# [TASK DIRECTIONS]
Look below for the line that contains "White denim shorts" and the line that contains "A black luxury", then restate both of them and every line in between, exactly. No picture goes in the copy.

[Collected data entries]
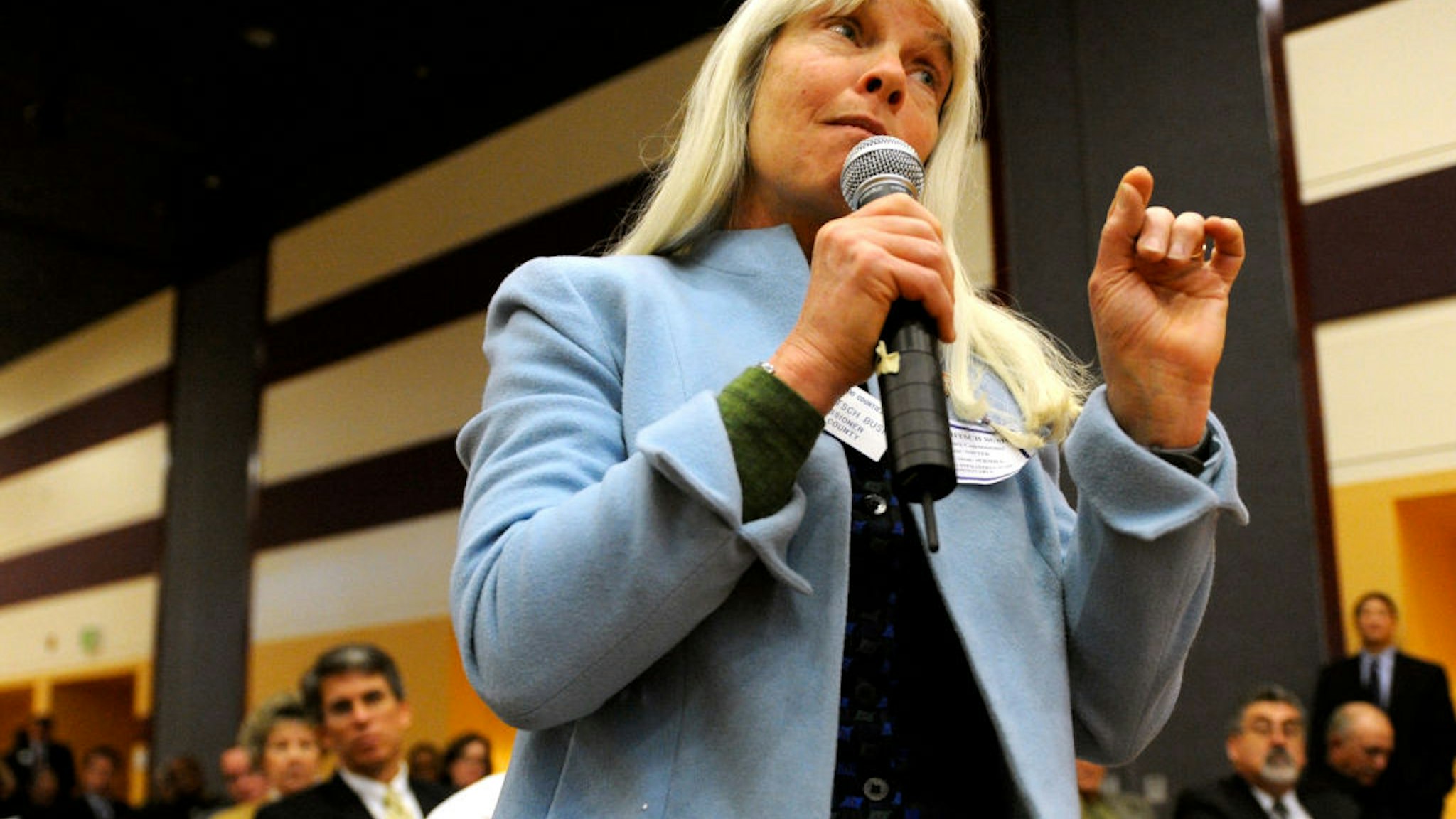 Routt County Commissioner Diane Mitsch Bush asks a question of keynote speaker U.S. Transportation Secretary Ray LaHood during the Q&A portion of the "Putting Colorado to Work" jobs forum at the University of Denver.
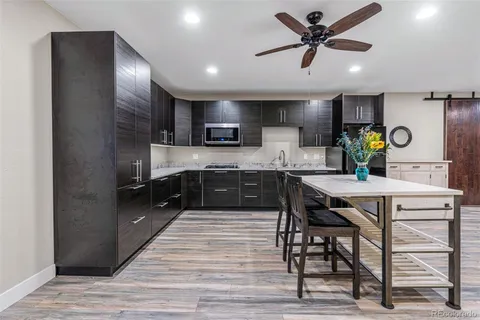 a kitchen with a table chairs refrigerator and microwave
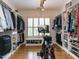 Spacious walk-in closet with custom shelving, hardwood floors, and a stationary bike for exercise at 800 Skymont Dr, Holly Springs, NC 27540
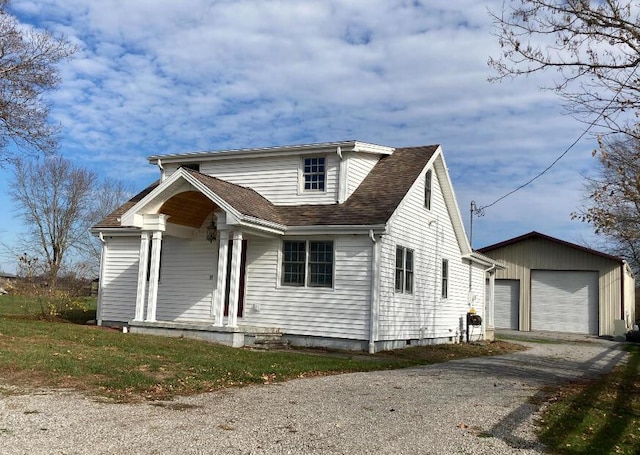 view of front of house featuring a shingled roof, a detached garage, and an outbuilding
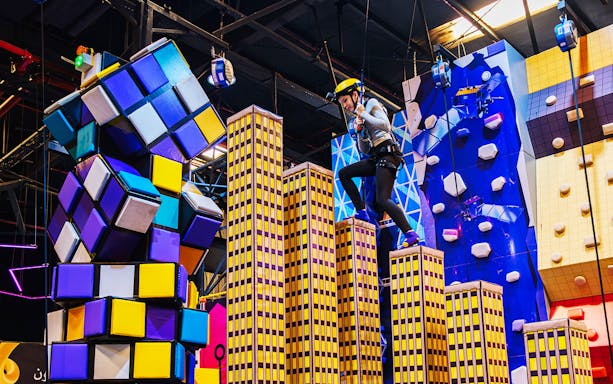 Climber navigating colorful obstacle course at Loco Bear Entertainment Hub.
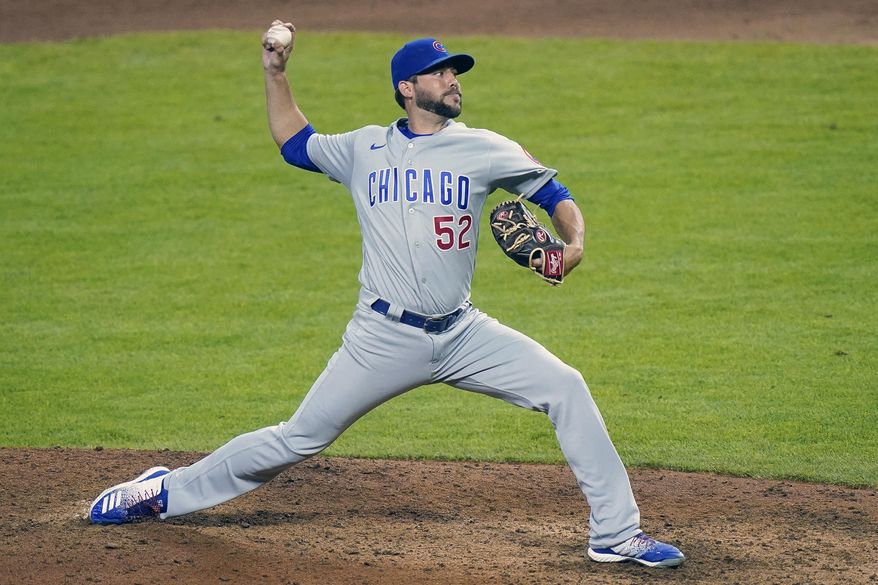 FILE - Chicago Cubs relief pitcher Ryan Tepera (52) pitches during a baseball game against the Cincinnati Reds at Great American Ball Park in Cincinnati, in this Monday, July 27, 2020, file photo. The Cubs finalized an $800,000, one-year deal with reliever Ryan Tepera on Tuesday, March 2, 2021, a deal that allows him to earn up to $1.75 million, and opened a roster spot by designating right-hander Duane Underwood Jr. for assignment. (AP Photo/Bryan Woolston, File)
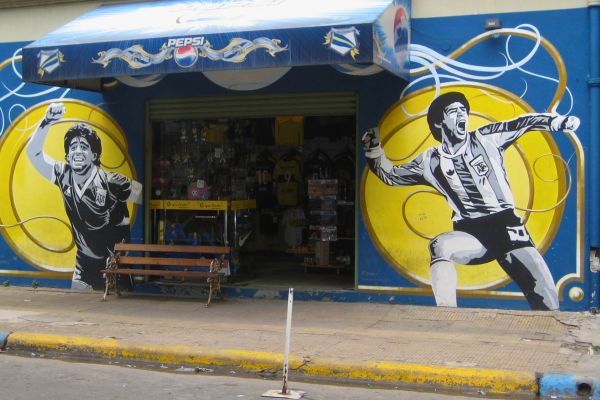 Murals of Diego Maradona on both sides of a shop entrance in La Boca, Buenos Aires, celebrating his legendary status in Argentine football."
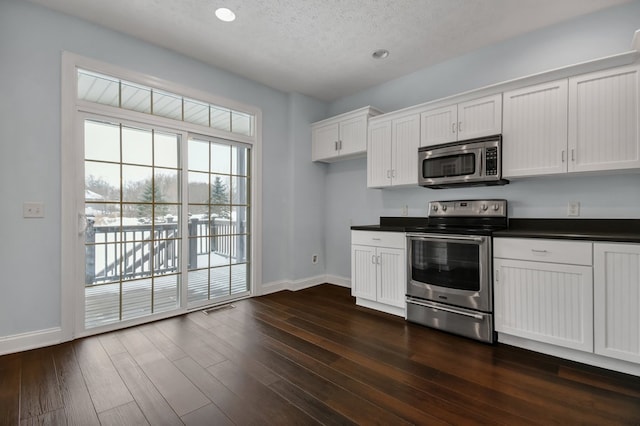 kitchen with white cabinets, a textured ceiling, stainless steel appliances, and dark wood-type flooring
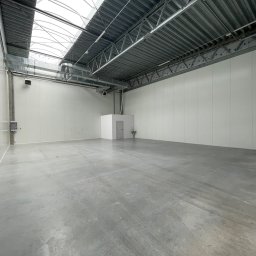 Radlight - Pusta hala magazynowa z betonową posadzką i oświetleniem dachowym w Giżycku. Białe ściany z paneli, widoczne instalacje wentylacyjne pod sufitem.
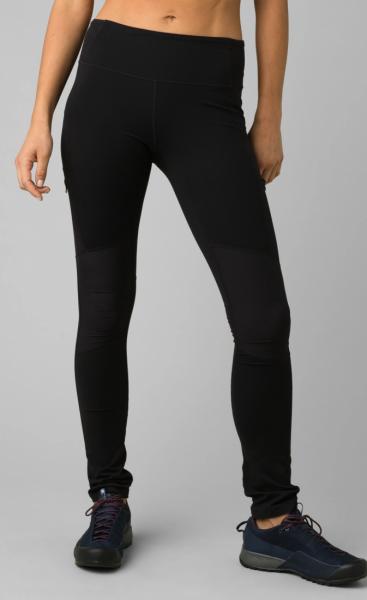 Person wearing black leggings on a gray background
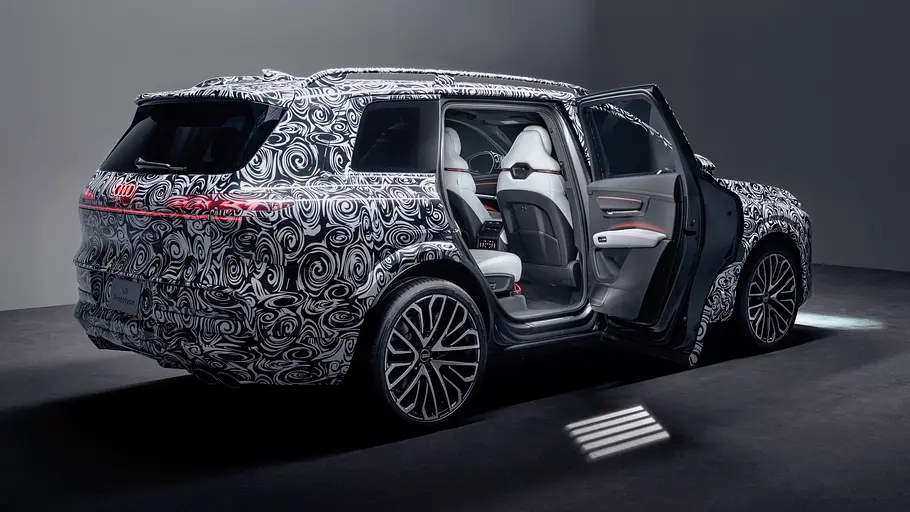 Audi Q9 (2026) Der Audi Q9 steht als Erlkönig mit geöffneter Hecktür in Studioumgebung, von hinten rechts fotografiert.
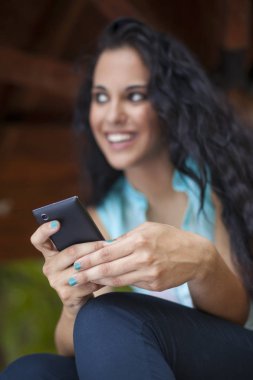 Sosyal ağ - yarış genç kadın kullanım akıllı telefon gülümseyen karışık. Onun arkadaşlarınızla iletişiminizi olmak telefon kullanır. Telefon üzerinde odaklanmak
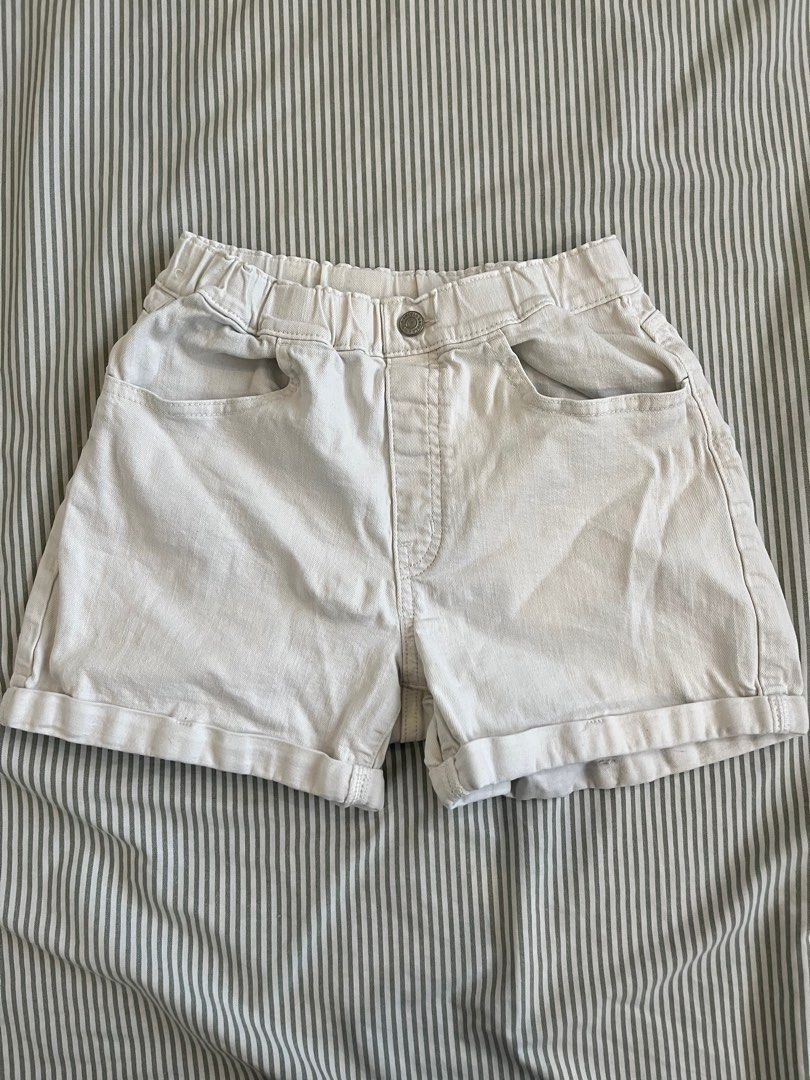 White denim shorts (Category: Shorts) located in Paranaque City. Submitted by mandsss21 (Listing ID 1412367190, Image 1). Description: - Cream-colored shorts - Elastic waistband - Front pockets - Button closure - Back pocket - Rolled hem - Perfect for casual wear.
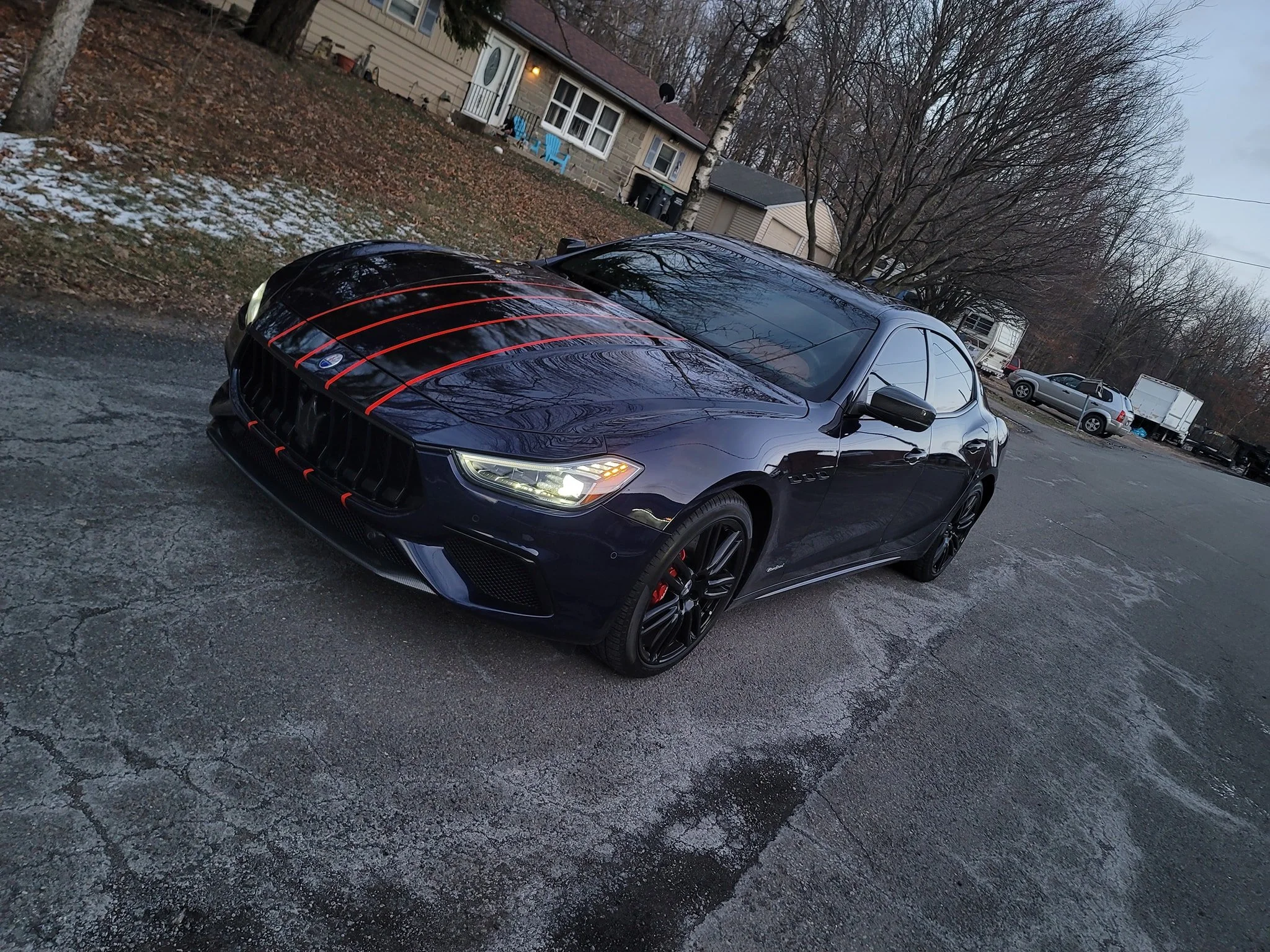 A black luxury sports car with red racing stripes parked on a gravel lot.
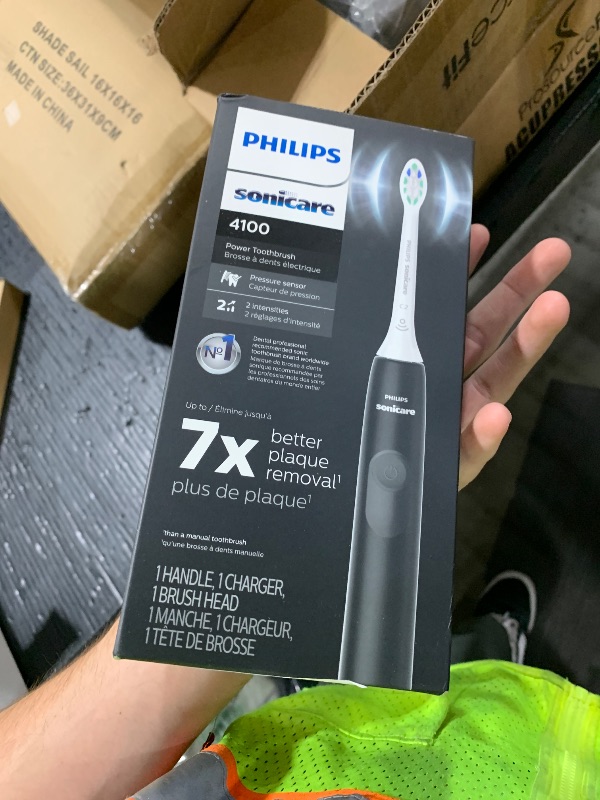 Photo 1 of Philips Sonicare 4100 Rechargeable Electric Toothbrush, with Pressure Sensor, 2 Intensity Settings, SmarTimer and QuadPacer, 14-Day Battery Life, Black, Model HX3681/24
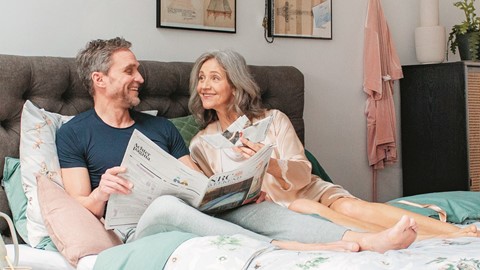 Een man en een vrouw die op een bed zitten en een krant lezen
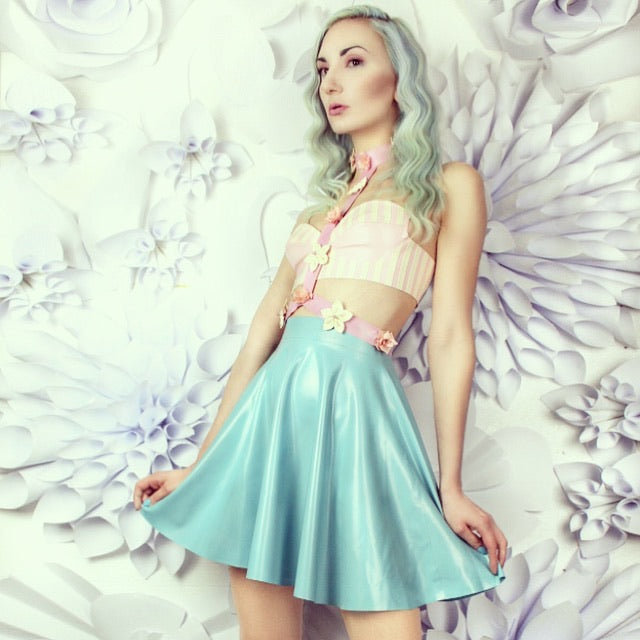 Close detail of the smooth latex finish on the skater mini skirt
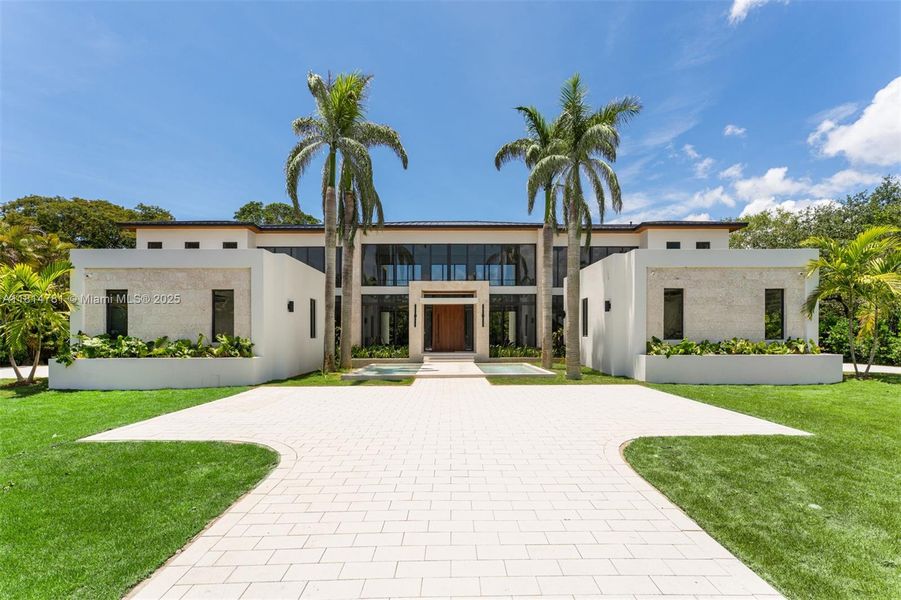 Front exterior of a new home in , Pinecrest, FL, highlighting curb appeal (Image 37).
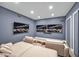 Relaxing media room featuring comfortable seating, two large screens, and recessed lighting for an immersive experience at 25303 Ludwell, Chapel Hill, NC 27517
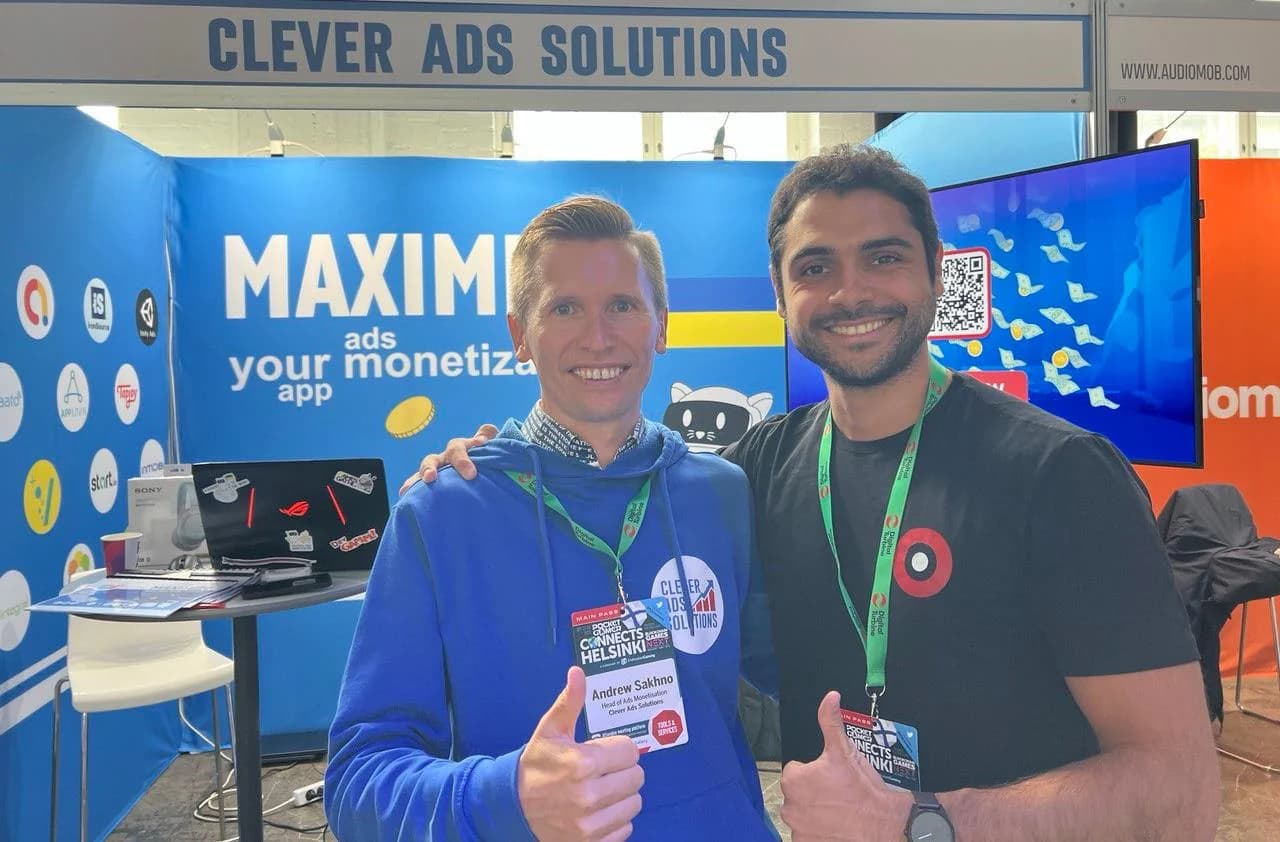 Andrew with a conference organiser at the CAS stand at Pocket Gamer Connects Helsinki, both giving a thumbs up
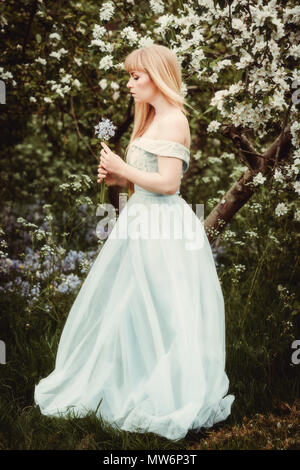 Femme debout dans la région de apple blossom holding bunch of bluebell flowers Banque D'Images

# [SOLUTION TO THIS PROBLEM]
 White denim shorts (Category: Shorts) located in Paranaque City. Submitted by mandsss21 (Listing ID 1412367190, Image 1). Description: - Cream-colored shorts - Elastic waistband - Front pockets - Button closure - Back pocket - Rolled hem - Perfect for casual wear.
 A black luxury sports car with red racing stripes parked on a gravel lot.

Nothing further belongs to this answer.